Benefits of Aerobic Exercise
From LoveToKnow Exercise
Everybody knows that exercise is good for you, but what exactly are the benefits of aerobic exercise? How does aerobic exercise differ from anaerobic exercise, and can you substitute one for the other? This article takes a look at eight specific advantages you can gain from the former.
Aerobic vs. Anaerobic Exercise
Aerobic exercise is the kind that keeps your heart pounding for a while, utilizing the air you breathe to power a complex, calorie-burning process. Examples of this are jogging, swimming and using a Stairmaster.
Anaerobic exercise is explosive training, like lifting weights or jumping. There's no time to get the lengthy process started, so the body uses short-burst energy stored in the body's muscles and liver. If you feel lactic acid building up, you're in anaerobic territory.
These are very different types of exercise that come with their own specific advantages, but here we'll focus on aerobic exercise.
Eight Benefits of Aerobic Exercise
Some benefits of aerobic exercise are more obvious than others. Here are the eight most important ones:
- Weight control
Exercise burns calories, and if you burn more calories than you take in on a regular basis, you're bound to lose weight over time. This in turn comes with a slew of advantages ranging from less stress on joints and cardiac health to pure aesthetics.
- Lowers resting heart rate
The heart is a muscle. The more you exercise it, the more efficient it gets just like a bicep muscle gets stronger from weekly bicep curls. As a result, a regularly trained heart can pump the blood around your body using fewer beats per minute than a poorly trained one.
- Lower blood pressure
On the same note, this increased efficiency translates to less continuous pressure in the circulatory system. This in turn keeps the blood vessels healthy and prevents unnecessary hardening.
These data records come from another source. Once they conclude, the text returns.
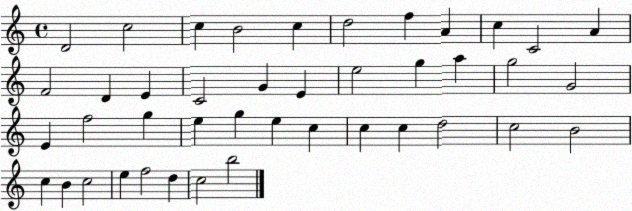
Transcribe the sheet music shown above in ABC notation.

X:1
T:Untitled
M:4/4
L:1/4
K:C
D2 c2 c B2 c d2 f A c C2 A F2 D E C2 G E e2 g a g2 G2 E f2 g e g e c c c d2 c2 B2 c B c2 e f2 d c2 b2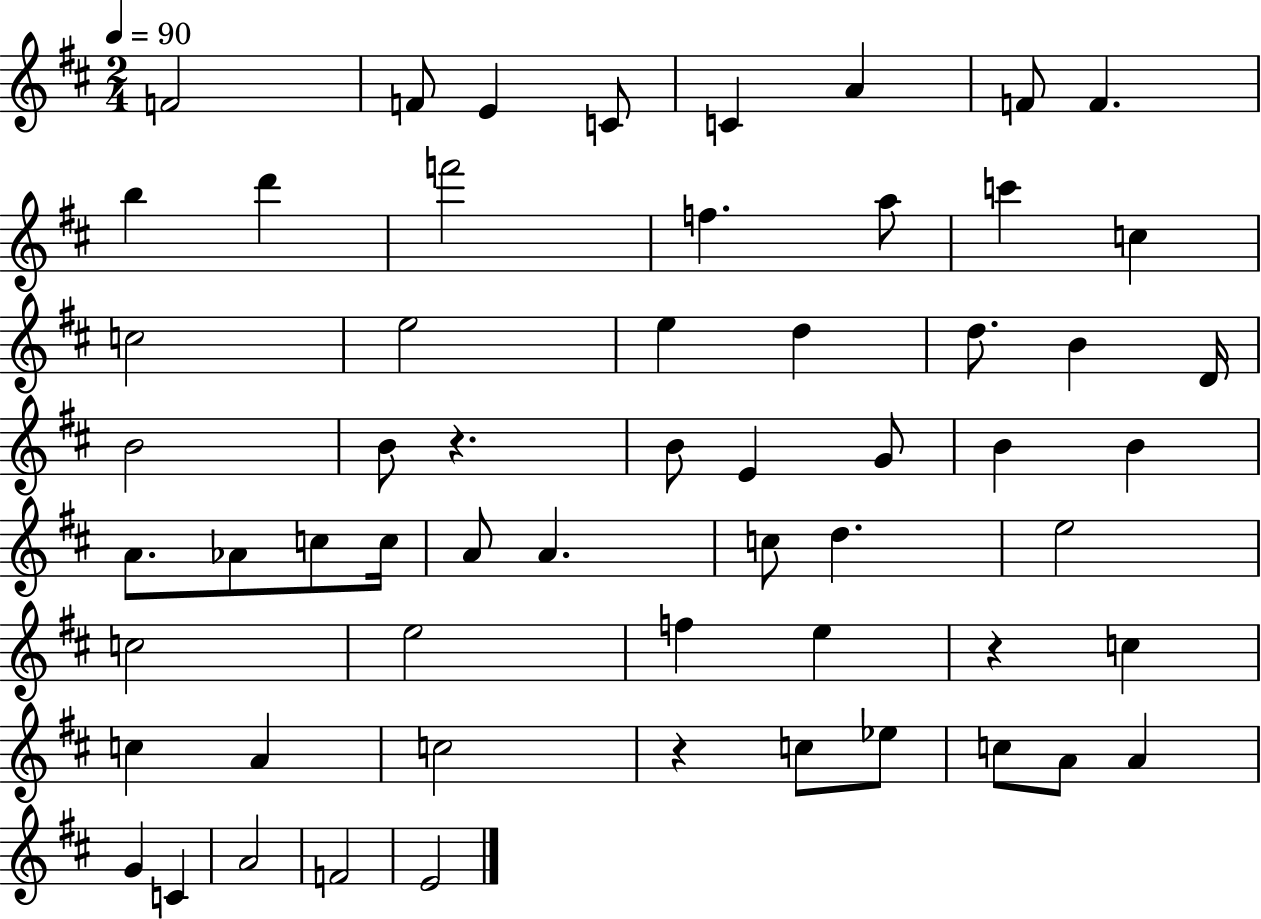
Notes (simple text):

F4/h F4/e E4/q C4/e C4/q A4/q F4/e F4/q. B5/q D6/q F6/h F5/q. A5/e C6/q C5/q C5/h E5/h E5/q D5/q D5/e. B4/q D4/s B4/h B4/e R/q. B4/e E4/q G4/e B4/q B4/q A4/e. Ab4/e C5/e C5/s A4/e A4/q. C5/e D5/q. E5/h C5/h E5/h F5/q E5/q R/q C5/q C5/q A4/q C5/h R/q C5/e Eb5/e C5/e A4/e A4/q G4/q C4/q A4/h F4/h E4/h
- Decreases cholesterol and blood fats
There's a delicate balance between LDL and HDL, the bad and the good kinds of cholesterol. Aerobic exercise helps tilt the balance in favor of the good kind, just as it helps manage the amount of fat circulating in the blood. Too much, and you're bound to get small chunks of it stuck to the insides of the arteries where it can build up to dangerous obstructions over time.
- Promotes joint health
Some types of low-impact aerobic exercise can help keep the joints in shape through regular usage that "greases up" the joints without subjecting them to undue stress. Obviously, this means nothing jarring like jogging on hard surfaces, but rather exercises like swimming or elliptical training machines.
- Improves mood
People suffering depression are commonly ordered to take up daily exercise. The endorphins the are released during prolonged activity work like the body's own happy pills, and there are few things more effective for getting frustration and aggression out of your system like a hard workout.
- Better sleep
Not only do you get the frustrations out, you get physically tired from exercise. While exercising immediately before bed isn't necessarily a good idea, your odds of getting a good, restful night's sleep increase dramatically with exercise.
- Prevents type II diabetes
Finally, aerobic exercise directly counteracts the mechanism that leads to type II diabetes. This is where your body gradually grows insensitive to insulin, making it harder and harder to regulate your blood sugar levels. Aerobic exercise makes the insulin receptors more sensitive again, while simultaneously burning off excess stored blood sugar.